■ Information shown ■
.....

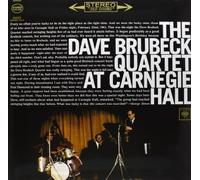 Dave Brubeck - at Carnegie Hall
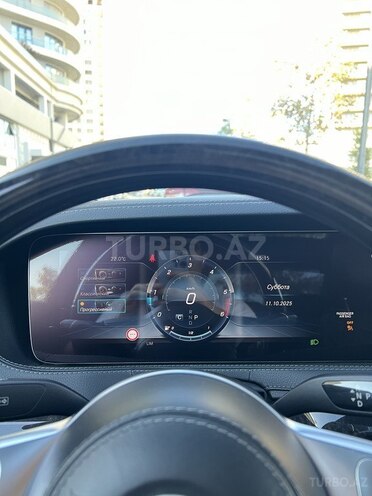 Mercedes S 350 d 4MATIC-14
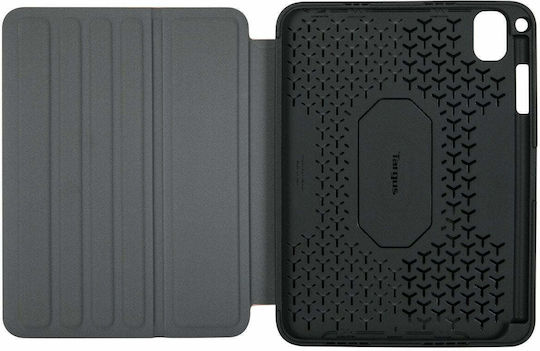 Targus Click-In Flip Cover Ροζ Χρυσή (iPad mini 2021 / mini 2024)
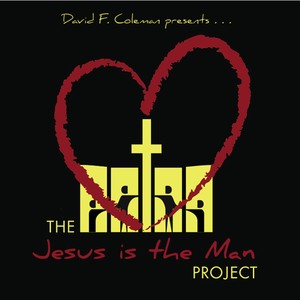 The Jesus is the Man Project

.....

■ Work instructions ■
A word-for-word copy of the lines from the one with "Targus Click-In Flip" through the final line of the listing above is the whole answer, and it contains no pictures.

■ Task answer ■
 Targus Click-In Flip Cover Ροζ Χρυσή (iPad mini 2021 / mini 2024)
 The Jesus is the Man Project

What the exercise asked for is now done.